Records from a collection:
○ ○ ○ ○ ○

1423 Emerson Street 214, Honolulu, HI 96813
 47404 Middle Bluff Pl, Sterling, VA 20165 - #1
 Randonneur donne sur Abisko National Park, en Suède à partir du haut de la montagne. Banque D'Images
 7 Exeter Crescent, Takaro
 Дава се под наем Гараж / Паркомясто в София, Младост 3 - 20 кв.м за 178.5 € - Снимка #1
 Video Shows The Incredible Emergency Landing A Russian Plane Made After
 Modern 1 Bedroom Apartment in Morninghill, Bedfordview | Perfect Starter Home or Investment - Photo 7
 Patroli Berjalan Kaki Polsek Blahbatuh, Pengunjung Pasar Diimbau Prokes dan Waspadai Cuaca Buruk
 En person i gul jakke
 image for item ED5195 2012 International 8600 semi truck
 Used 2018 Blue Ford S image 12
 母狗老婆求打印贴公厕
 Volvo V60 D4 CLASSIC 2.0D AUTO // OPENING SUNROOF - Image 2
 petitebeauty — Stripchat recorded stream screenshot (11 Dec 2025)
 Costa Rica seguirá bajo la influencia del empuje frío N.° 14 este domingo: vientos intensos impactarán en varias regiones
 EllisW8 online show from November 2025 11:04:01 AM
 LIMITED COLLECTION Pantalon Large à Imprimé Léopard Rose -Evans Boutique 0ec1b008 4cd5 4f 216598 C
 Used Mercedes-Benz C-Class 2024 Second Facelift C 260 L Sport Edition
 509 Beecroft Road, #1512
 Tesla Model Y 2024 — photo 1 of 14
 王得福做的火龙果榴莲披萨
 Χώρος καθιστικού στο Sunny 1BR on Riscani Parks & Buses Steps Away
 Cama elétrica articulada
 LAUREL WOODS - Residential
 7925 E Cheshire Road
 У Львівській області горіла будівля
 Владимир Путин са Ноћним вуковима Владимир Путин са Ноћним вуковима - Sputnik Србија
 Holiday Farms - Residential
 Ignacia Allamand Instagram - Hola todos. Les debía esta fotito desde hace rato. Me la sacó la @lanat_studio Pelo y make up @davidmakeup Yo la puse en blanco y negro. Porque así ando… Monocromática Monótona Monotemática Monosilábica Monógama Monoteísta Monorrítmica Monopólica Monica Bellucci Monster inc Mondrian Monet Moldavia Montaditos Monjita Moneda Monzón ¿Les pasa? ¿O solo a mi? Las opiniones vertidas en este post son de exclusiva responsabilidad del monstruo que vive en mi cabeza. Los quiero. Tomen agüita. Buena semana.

○ ○ ○ ○ ○

Assigned task: Output all of the data without altering a single line.

Response area:
1423 Emerson Street 214, Honolulu, HI 96813
 47404 Middle Bluff Pl, Sterling, VA 20165 - #1
 Randonneur donne sur Abisko National Park, en Suède à partir du haut de la montagne. Banque D'Images
 7 Exeter Crescent, Takaro
 Дава се под наем Гараж / Паркомясто в София, Младост 3 - 20 кв.м за 178.5 € - Снимка #1
 Video Shows The Incredible Emergency Landing A Russian Plane Made After
 Modern 1 Bedroom Apartment in Morninghill, Bedfordview | Perfect Starter Home or Investment - Photo 7
 Patroli Berjalan Kaki Polsek Blahbatuh, Pengunjung Pasar Diimbau Prokes dan Waspadai Cuaca Buruk
 En person i gul jakke
 image for item ED5195 2012 International 8600 semi truck
 Used 2018 Blue Ford S image 12
 母狗老婆求打印贴公厕
 Volvo V60 D4 CLASSIC 2.0D AUTO // OPENING SUNROOF - Image 2
 petitebeauty — Stripchat recorded stream screenshot (11 Dec 2025)
 Costa Rica seguirá bajo la influencia del empuje frío N.° 14 este domingo: vientos intensos impactarán en varias regiones
 EllisW8 online show from November 2025 11:04:01 AM
 LIMITED COLLECTION Pantalon Large à Imprimé Léopard Rose -Evans Boutique 0ec1b008 4cd5 4f 216598 C
 Used Mercedes-Benz C-Class 2024 Second Facelift C 260 L Sport Edition
 509 Beecroft Road, #1512
 Tesla Model Y 2024 — photo 1 of 14
 王得福做的火龙果榴莲披萨
 Χώρος καθιστικού στο Sunny 1BR on Riscani Parks & Buses Steps Away
 Cama elétrica articulada
 LAUREL WOODS - Residential
 7925 E Cheshire Road
 У Львівській області горіла будівля
 Владимир Путин са Ноћним вуковима Владимир Путин са Ноћним вуковима - Sputnik Србија
 Holiday Farms - Residential
 Ignacia Allamand Instagram - Hola todos. Les debía esta fotito desde hace rato. Me la sacó la @lanat_studio Pelo y make up @davidmakeup Yo la puse en blanco y negro. Porque así ando… Monocromática Monótona Monotemática Monosilábica Monógama Monoteísta Monorrítmica Monopólica Monica Bellucci Monster inc Mondrian Monet Moldavia Montaditos Monjita Moneda Monzón ¿Les pasa? ¿O solo a mi? Las opiniones vertidas en este post son de exclusiva responsabilidad del monstruo que vive en mi cabeza. Los quiero. Tomen agüita. Buena semana.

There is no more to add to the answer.